This passage begins and ends with the words, “In those days there was no king,” and after the horrific tale of rape, murder and justification of more rape and more murder…additional words were added to the end of the scripture, and “all the people did what was right in their own eyes.” Interesting bookends, for a story that was included in the Hebrew bible for a specific purpose.

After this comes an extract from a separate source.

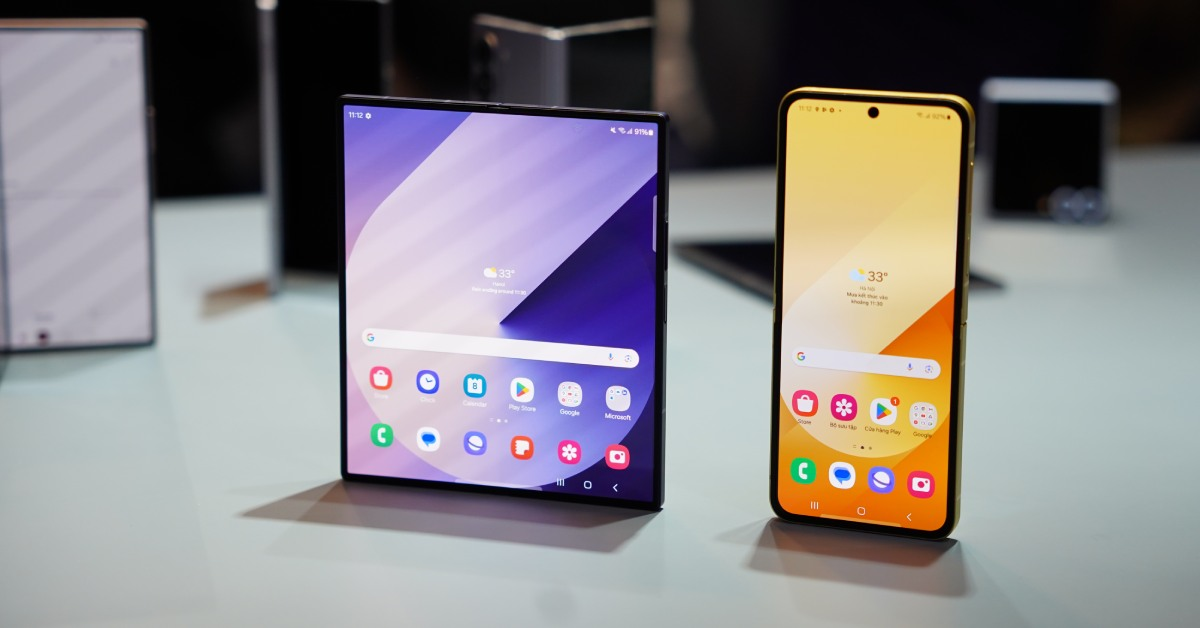 Ra mắt đ&atilde; nửa năm nhưng bộ đ&ocirc;i Galaxy Z vẫn lu&ocirc;n dẫn đầu danh s&aacute;ch smartphone đ&aacute;ng mua cuối năm 2024- Ảnh 1.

The whole story is very disturbing. I was casually reading through Judges 19 until I got to verse 22. Prior to that verse, the story included two main characters: A Levite, from the hill country of Ephraim, and his concubine from Bethlehem in Judah. We don’t know why or what the situation was, but the concubine became angry with her husband the Levite and went to her father’s house for a number of months until her husband followed her to reclaim her. The Levite is shown generous hospitality by his father-in-law, even to the point of being asked to stay much longer than he has desired. But the Levite declined and he and his concubine headed out late into the night. It becomes time to stop their journey for the night, but the Levite is unwilling to stay in a city of foreigners, and so they find shelter in the Benjaminite city of Gibeah. This is where the story turns very, very dark. In verse 22, we find some of the townspeople wanted to rape the Levite, but the master of the house instead offers his daughter and the Levite’s concubine! The crowd isn’t going for it – but then, the Levite “seized” (NRSV) his concubine and sent her out…to be raped and abused all night. In the morning, after a good night’s sleep, the Levite found her on the threshold of the door unresponsive. He threw her on the back of his donkey and headed back home. Back in Ephraim he chopped her body up in 12 pieces and told his version of the violence that took place in the Benjaminite town. This became the catalyst for a deadly spiral of violence (and more rape) to avenge the concubine’s death.
The historical context of Judges is set during a transitional period when Israel has celebrated their conquest into Canaan, but now must survive new threats and dangers. “The pressures of the age forced the diverse groups who identified with the deity name Yhwh to come together in a union that transcended tribal interests.” (Bandstra) External threats called them to bond together as one nation under their common faith in Yhwh. The central message of this story is to point out how far Israel had gone astray – shockingly astray. Even though the Judges had pointed out the evils of worshipping false gods, this concluding story sent the message loud and clear: Israel had sunk to a new level and the only thing that will save it, is a king.
To read this story with modern eyes, stirs up violent images of women treated as objects and less than human. One can easily get stuck on the blatant, ugly abuse at the hands of those who should be committed to love and protect. But my perspective, as a wife, daughter and mother of daughters is far removed from the cultural context for which this was written. In the ancient context, women were perceived as second class citizens, and the far more shocking situation was that the Levite was almost raped by men. This act of control over another man was more hideous to the Israelites than the concubine’s rape.
The bottom line is, the author of this story left no room for interpretation – the message and agenda was clear: Israel had sunk to a new and very depraved level, and would face extinction if a kingship were not established.